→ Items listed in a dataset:
┌────────
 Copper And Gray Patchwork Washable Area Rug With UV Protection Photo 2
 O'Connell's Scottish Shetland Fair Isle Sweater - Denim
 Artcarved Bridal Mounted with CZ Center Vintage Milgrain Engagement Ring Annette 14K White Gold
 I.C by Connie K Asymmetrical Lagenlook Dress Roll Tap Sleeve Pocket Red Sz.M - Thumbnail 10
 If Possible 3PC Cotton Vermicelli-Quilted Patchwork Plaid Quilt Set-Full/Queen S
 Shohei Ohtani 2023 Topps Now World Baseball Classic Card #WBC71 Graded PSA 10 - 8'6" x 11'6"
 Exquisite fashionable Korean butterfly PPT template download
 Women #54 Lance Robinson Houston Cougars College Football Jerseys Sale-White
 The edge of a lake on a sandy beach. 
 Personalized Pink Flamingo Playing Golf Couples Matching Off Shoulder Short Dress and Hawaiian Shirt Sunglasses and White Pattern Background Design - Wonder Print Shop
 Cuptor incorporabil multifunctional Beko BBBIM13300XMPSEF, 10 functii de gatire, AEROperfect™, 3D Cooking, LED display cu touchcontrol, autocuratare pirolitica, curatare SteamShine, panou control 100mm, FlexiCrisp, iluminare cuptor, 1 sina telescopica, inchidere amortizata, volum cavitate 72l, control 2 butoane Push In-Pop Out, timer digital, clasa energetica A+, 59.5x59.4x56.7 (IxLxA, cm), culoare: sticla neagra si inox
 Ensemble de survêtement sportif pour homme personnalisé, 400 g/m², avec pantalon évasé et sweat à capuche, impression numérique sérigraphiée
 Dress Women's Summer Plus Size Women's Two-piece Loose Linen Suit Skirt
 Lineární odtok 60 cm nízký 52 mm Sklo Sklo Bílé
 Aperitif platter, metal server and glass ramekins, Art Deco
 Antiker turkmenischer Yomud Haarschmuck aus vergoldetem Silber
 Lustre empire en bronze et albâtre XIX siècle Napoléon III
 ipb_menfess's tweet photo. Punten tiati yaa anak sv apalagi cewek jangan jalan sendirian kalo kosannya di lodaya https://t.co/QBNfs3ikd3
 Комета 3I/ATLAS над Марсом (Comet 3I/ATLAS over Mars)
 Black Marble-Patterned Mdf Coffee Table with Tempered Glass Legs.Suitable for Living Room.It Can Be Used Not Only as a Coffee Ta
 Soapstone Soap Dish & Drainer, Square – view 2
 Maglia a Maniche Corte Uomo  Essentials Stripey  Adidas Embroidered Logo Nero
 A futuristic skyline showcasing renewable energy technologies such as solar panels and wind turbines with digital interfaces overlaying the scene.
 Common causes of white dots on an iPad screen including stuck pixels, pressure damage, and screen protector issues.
└────────
Write out the records. Leave nothing out and change nothing.

→ Reply:
 Copper And Gray Patchwork Washable Area Rug With UV Protection Photo 2
 O'Connell's Scottish Shetland Fair Isle Sweater - Denim
 Artcarved Bridal Mounted with CZ Center Vintage Milgrain Engagement Ring Annette 14K White Gold
 I.C by Connie K Asymmetrical Lagenlook Dress Roll Tap Sleeve Pocket Red Sz.M - Thumbnail 10
 If Possible 3PC Cotton Vermicelli-Quilted Patchwork Plaid Quilt Set-Full/Queen S
 Shohei Ohtani 2023 Topps Now World Baseball Classic Card #WBC71 Graded PSA 10 - 8'6" x 11'6"
 Exquisite fashionable Korean butterfly PPT template download
 Women #54 Lance Robinson Houston Cougars College Football Jerseys Sale-White
 The edge of a lake on a sandy beach. 
 Personalized Pink Flamingo Playing Golf Couples Matching Off Shoulder Short Dress and Hawaiian Shirt Sunglasses and White Pattern Background Design - Wonder Print Shop
 Cuptor incorporabil multifunctional Beko BBBIM13300XMPSEF, 10 functii de gatire, AEROperfect™, 3D Cooking, LED display cu touchcontrol, autocuratare pirolitica, curatare SteamShine, panou control 100mm, FlexiCrisp, iluminare cuptor, 1 sina telescopica, inchidere amortizata, volum cavitate 72l, control 2 butoane Push In-Pop Out, timer digital, clasa energetica A+, 59.5x59.4x56.7 (IxLxA, cm), culoare: sticla neagra si inox
 Ensemble de survêtement sportif pour homme personnalisé, 400 g/m², avec pantalon évasé et sweat à capuche, impression numérique sérigraphiée
 Dress Women's Summer Plus Size Women's Two-piece Loose Linen Suit Skirt
 Lineární odtok 60 cm nízký 52 mm Sklo Sklo Bílé
 Aperitif platter, metal server and glass ramekins, Art Deco
 Antiker turkmenischer Yomud Haarschmuck aus vergoldetem Silber
 Lustre empire en bronze et albâtre XIX siècle Napoléon III
 ipb_menfess's tweet photo. Punten tiati yaa anak sv apalagi cewek jangan jalan sendirian kalo kosannya di lodaya https://t.co/QBNfs3ikd3
 Комета 3I/ATLAS над Марсом (Comet 3I/ATLAS over Mars)
 Black Marble-Patterned Mdf Coffee Table with Tempered Glass Legs.Suitable for Living Room.It Can Be Used Not Only as a Coffee Ta
 Soapstone Soap Dish & Drainer, Square – view 2
 Maglia a Maniche Corte Uomo  Essentials Stripey  Adidas Embroidered Logo Nero
 A futuristic skyline showcasing renewable energy technologies such as solar panels and wind turbines with digital interfaces overlaying the scene.
 Common causes of white dots on an iPad screen including stuck pixels, pressure damage, and screen protector issues.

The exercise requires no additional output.